Interplay of Il-4, Il-21, and Ifnγ on Memory B Cell Fate Decisions

The ability to establish a durable pool of memory B (BMEM) cells is not only a key feature of adaptive immunity but also critical for host survival upon secondary infection. Depending on the nature of the pathogen, preimmune B cells differentiate into various BMEM cells associated with a particular immunoglobulin isotype. Moreover, cytokines dictate this process via the induction of transcription factors resulting in a stable lineage. Recently, the transcription factor, T-BET, has been implicated in reinforcing BMEM cells of the IgG2c isotype. Further, phenotypically similar cells express the integrin, CD11c, and appear in humoral autoimmunity and aged mice. However, the activation requisites and extrinsic cues driving T-BET and CD11c expression remain poorly defined. T follicular helper (TFH) cells instruct B cells to adopt various BMEM cell fates via the production of cytokines—specifically IL-4, IL-21 and IFNγ. Here we reveal a novel interplay among these cytokines in determining T-BET+ B cell fate.

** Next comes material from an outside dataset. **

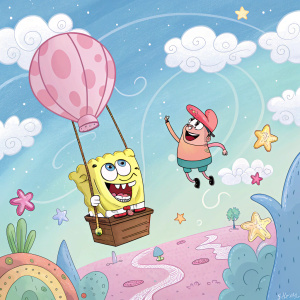 SpongeBob SquarePants and Patrick Star floating in a whimsical sky filled with cotton candy clouds, amidst a cartoon world.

We find that IL-21 or IFNγ directly promote T-BET+ B cells in the context of TLR engagement. Further, IL-4 antagonizes IL-21-induced T-BET expression, but augments that of IFNγ. Finally, IL-21, but not IFNγ, promotes CD11c expression. Using well-defined infections that drive IL-21 and robust IFNγ or IL-4 production, we show that these same cytokine interactions function in vivo to determine T-BET and CD11c expression. We elaborate a model in which abundant IFNγ will drive T-BET+ B cells; however, in the absence of IFNγ, IL-21 and IL-4 reciprocally regulate both T-BET and CD11c. Importantly, CD11c expression is restricted to BMEM cells, which phenotypically resemble Age-associated B cells (ABCs). In accord with our infection results, we show that T-BET+CD11c+ ABCs are likely a pool BMEM cells. Consistent with this idea, ABCs are somatically mutated, class- switched, and require the ability to present antigen and receive costimulation to form. These findings suggest that T-BET+ B cells seen in health and autoimmunity share the common initiating features of TLR driven activation within this circumscribed cytokine milieu.